Some weights of the model checkpoint at roberta-large-mnli were not used when initializing RobertaForSequenceClassification: ['roberta.pooler.dense.bias', 'roberta.pooler.dense.weight']
- This IS expected if you are initializing RobertaForSequenceClassification from the checkpoint of a model trained on another task or with another architecture (e.g. initializing a BertForSequenceClassification model from a BertForPreTraining model).
- This IS NOT expected if you are initializing RobertaForSequenceClassification from the checkpoint of a model that you expect to be exactly identical (initializing a BertForSequenceClassification model from a BertForSequenceClassification model).


In [17]:
premise="Two women are wandering along the shore drinking iced tea."
hypothesis="Two women are sitting on a blanket near some rocks talking about politics."

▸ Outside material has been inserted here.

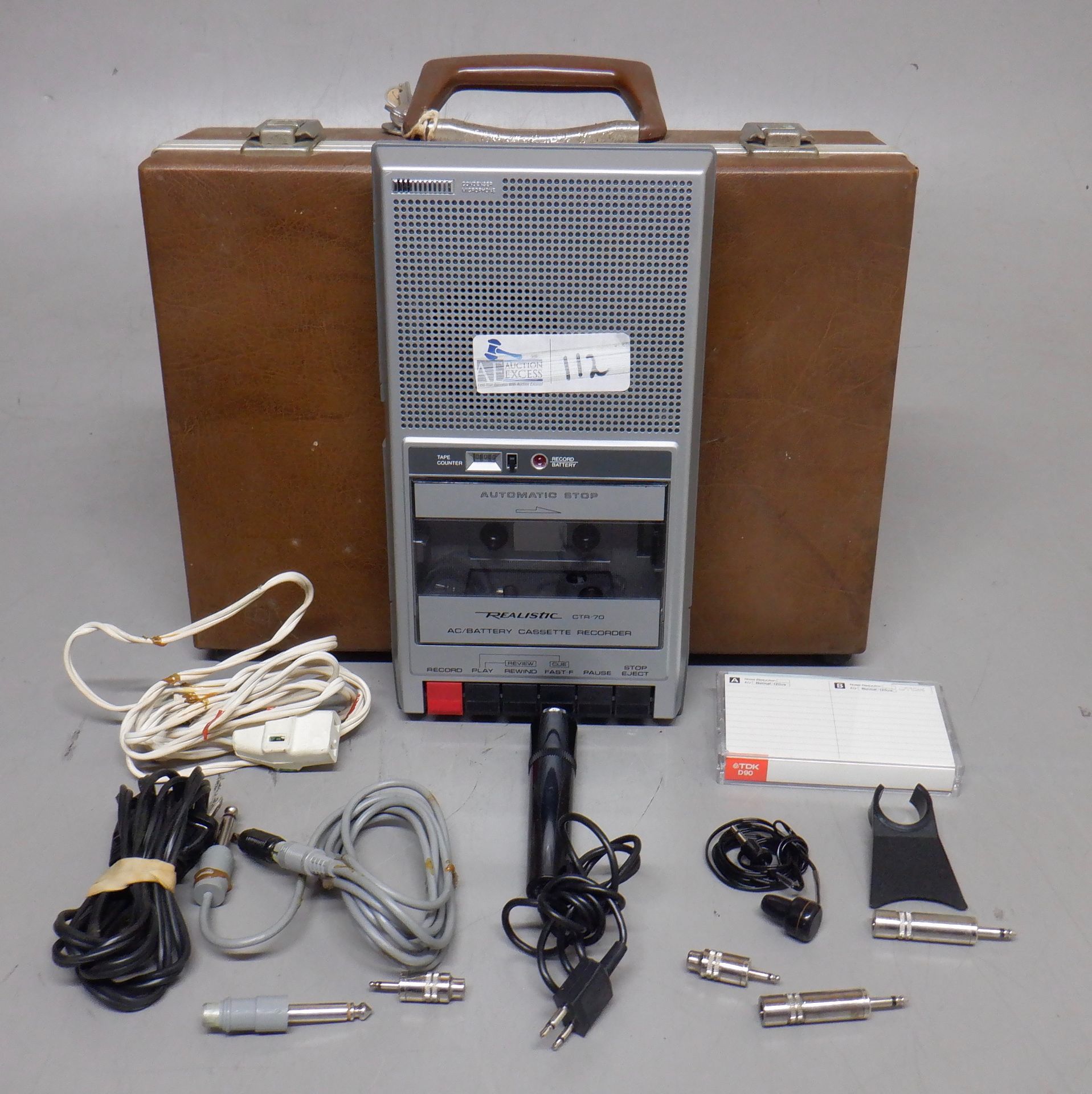 REALISTIC CTR-70 AC/DC CASSETTE RECORDER SET IN CASE - Image 2 of 5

model_input = tokenizer(premise, hypothesis, return_tensors="pt")
print (tokenizer.decode(model_input["input_ids"][0]))
# note how we obtain a single sequence with <s>premise</s></s>hypothesis</s>


<s>Two women are wandering along the shore drinking iced tea.</s></s>Two women are sitting on a blanket near some rocks talking about politics.</s>


In [18]:
from torch.nn import Softmax
import torch

output = model(**model_input)
softmax = Softmax()
probs = softmax(output.logits)

In [19]:
print (probs)

id2label = {0:"Contradiction", 1:"Neutral", 2:"Entailment"} # these are label2id from MNLI

argmax = torch.argmax(output.logits[0].detach()).item()
print (id2label[argmax])

#print (id2label[torch.argmax(output.logits)])

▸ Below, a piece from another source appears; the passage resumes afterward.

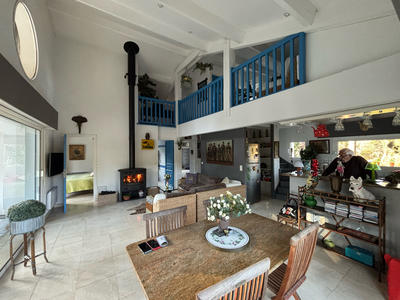 Maison - 100 m² - 5 pièces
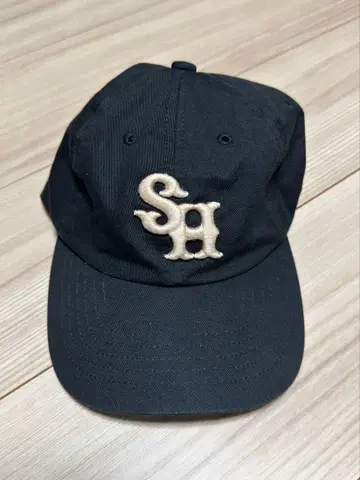 Sugarhill cap black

tensor([[0.8877, 0.1107, 0.0016]], grad_fn=<SoftmaxBackward0>)
Contradiction


In [20]:
# do it for a whole batch

premises = ["If you help the needy, God will reward you.", "An interplanetary spacecraft is in orbit around a gas giant's icy moon.", "A large, gray elephant walked beside a herd of zebras.", "A handmade djembe was on display at the Smithsonian."]
hypotheses = ["Giving money to the poor has good consequences.", "The spacecraft has the ability to travel between planets.", "The elephant was lost.", "Visitors could see the djembe."] 

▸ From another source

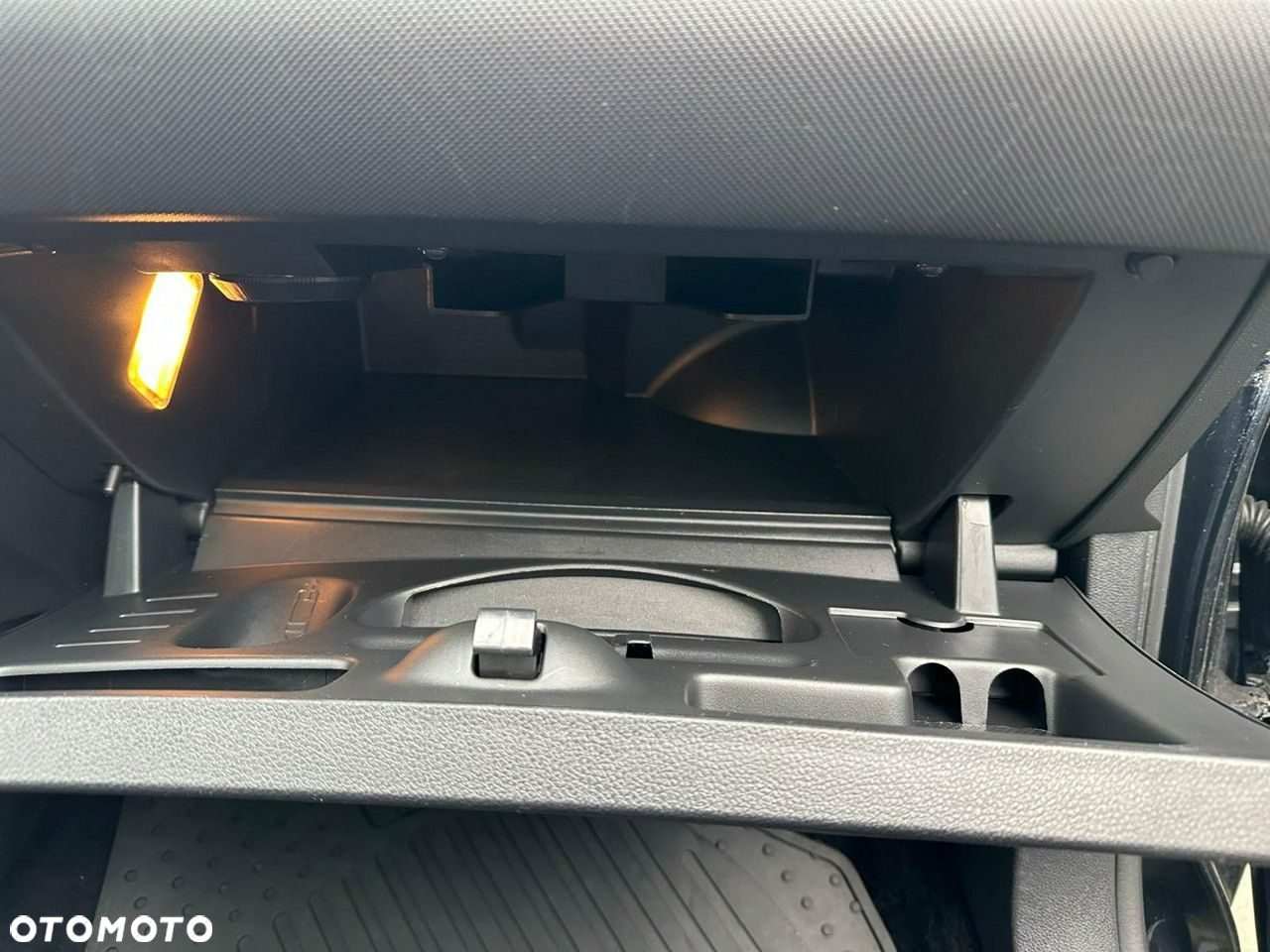 Peugeot 308 - 21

model_inputs = tokenizer(premises, hypotheses, return_tensors="pt", padding=True, truncation=True, max_length=256)


In [21]:
output = model(**model_inputs)
softmax = Softmax()
probs = softmax(output.logits)

for premise, hypothesis, prediction in zip(premises, hypotheses, probs):
    argmax = torch.argmax(prediction).item()
    print (premise, "--", hypothesis, "--", id2label[argmax])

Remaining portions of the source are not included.